[Qemu-devel] converging around a single guest agent
Barak Azulay
bazulay at redhat.com
Wed Nov 16 06:48:13 UTC 2011
On Tuesday 15 November 2011 21:45:42 Perry Myers wrote:
> On 11/15/2011 01:08 PM, Subhendu Ghosh wrote:
> > On 11/15/2011 01:01 PM, Perry Myers wrote:
> >> On 11/15/2011 12:24 PM, Barak Azulay wrote:
> >>> Hi,
> >>>
> >>> One of the breakout sessions during the ovirt workshop [1] was about
> >>> the guest
> >>> tools, and focused mainly on the ovirt-guest-agent [2].
> >>>
> >>> One of the issues discussed there, was the various existing guest
> >>> agents out
> >>> there, and the need to converge the efforts to a single agent that
> >>> will serve
> >>> all.
> >>>
> >>> while 4 agents were mentioned (Matahari, vdagent, qemu-ga&
> >>> ovirt-guest-agent)
> >>> during that discussion, we narrowed it down to 2 candidates:
> >>>
> >>> qemu-ga (aka virt-agent):
> >>> -------------------------
> >>> - Qemu specific - it was aimed for specific qemu needs (mainly
> >>> quiesce guest
> >>> I/O)
> >>> - Communicates directly with qemu (not implemented yet)
> >>> - Supports ?
> >>> - So far linux only
> >>> - written in C
> >>>
> >>> Ovirt-guest-agent:
> >>> ------------------
> >>> - Has been around for a long time (~5 years) - considered stable
> >>> - Started as rhevm specific but evolved a lot since then
> >>> - Currently the only fully functional guest agent available for ovirt
> >>> - Written in python
> >>> - Some VDI related sub components are written in C& C++
> >>> - Supports a well defined list of message types / protocol [3]

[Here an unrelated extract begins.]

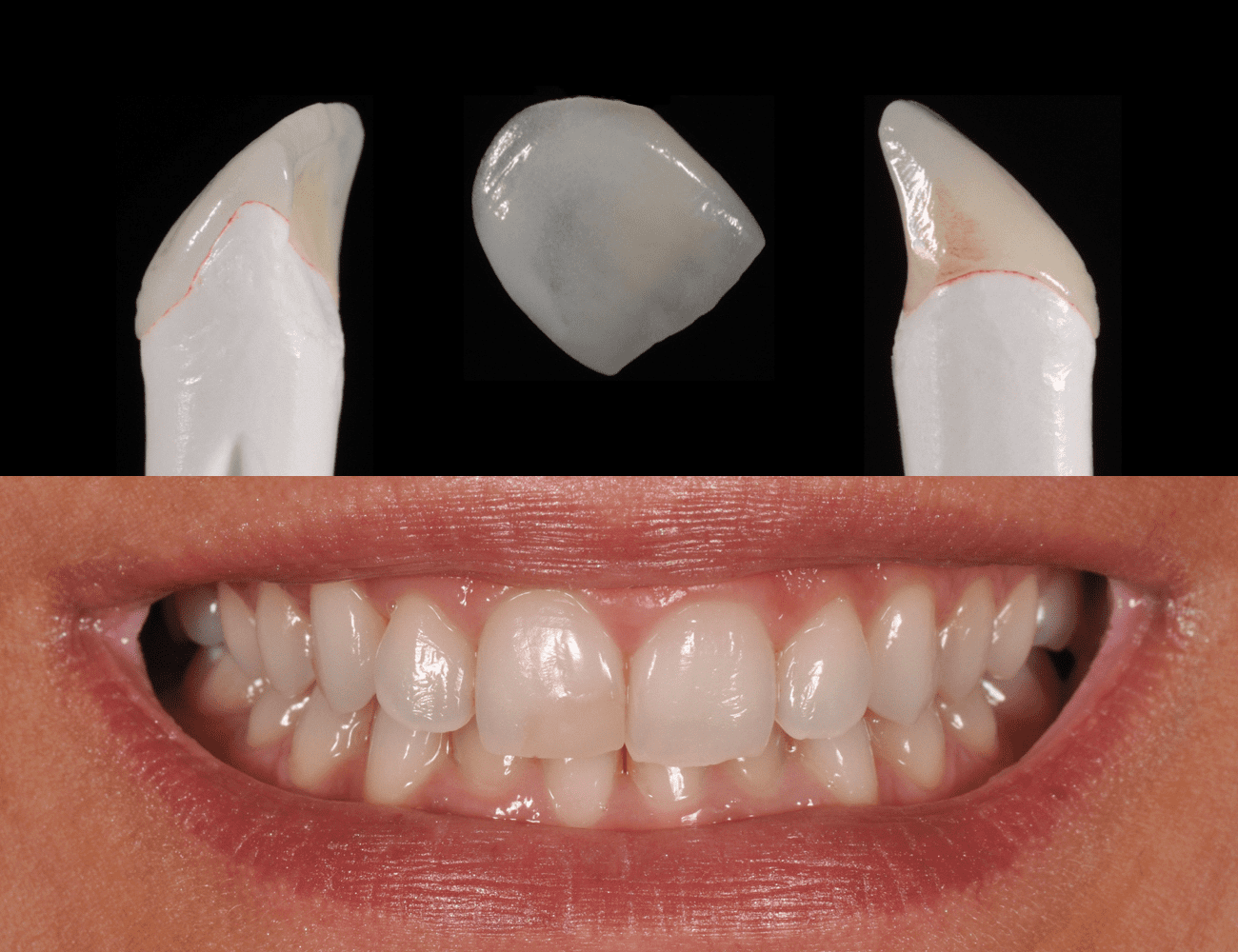 1 / Precisione marginale e anatomia naturale 2 / Situazione iniziale, ricostruzione protesica su elemento 11 Credits: Dr. P.C. Frabboni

> >>> - Supports the folowing guest OSs
> >>>
> >>> Linux: RHEL5, RHEL6 F15, F16(soon)
> >>> Windows: xp, 2k3 (32/64), w7 (32/64), 2k8 (32/64/R2)
> >>>
> >>> The need to converge is obvious, and now that ovirt-guest-agent is
> >>> opensourced
> >>> under the ovirt stack, and since it already produces value for
> >>> enterprise
> >>> installations, and is cross platform, I offer to join hands around
> >>> ovirt-
> >>> guest-agent and formalize a single code base that will serve us all.
> >>>
> >>> git @ git://gerrit.ovirt.org/ovirt-guest-agent
> >>>
> >>> Thoughts ?
> >>
> >> +1
> >>
> >> The only downside that I concretely heard from folks re:
> >> ovirt-guest-agent was that it is written in Python. Two thoughts there:
> >>
> >> 1. On Windows it is compiled to an executable, so no separate python
> >>
> >> stack needed
> >>
> >> 2. ovirt-guest-agent is not very large and does not bring in a lot
> >>
> >> (any?) additional python class dependencies above/beyond the core
> >> language and interpreter. Given this, the chances of dealing with
> >> python stack issues are probably minimal and also the overhead of
> >> including _just_ the base python interpreter in a given guest OS is
> >> very lightweight. Core python RPM in F16 is about 80k.
The ovirt-guest-agent also depends on pywin32 package
(http://sourceforge.net/projects/pywin32/files/) for windows platforms
> >>
> >> Perry
> >
> > If you needed WMI enablement on Windows - could you support that with
> > this arch?
>
> I'm not a WMI expert, but google search first result on 'python WMI'
> turned up:
>
> http://timgolden.me.uk/python/wmi/index.html
As the ovirt-guest-agent the above package uses also pywin32.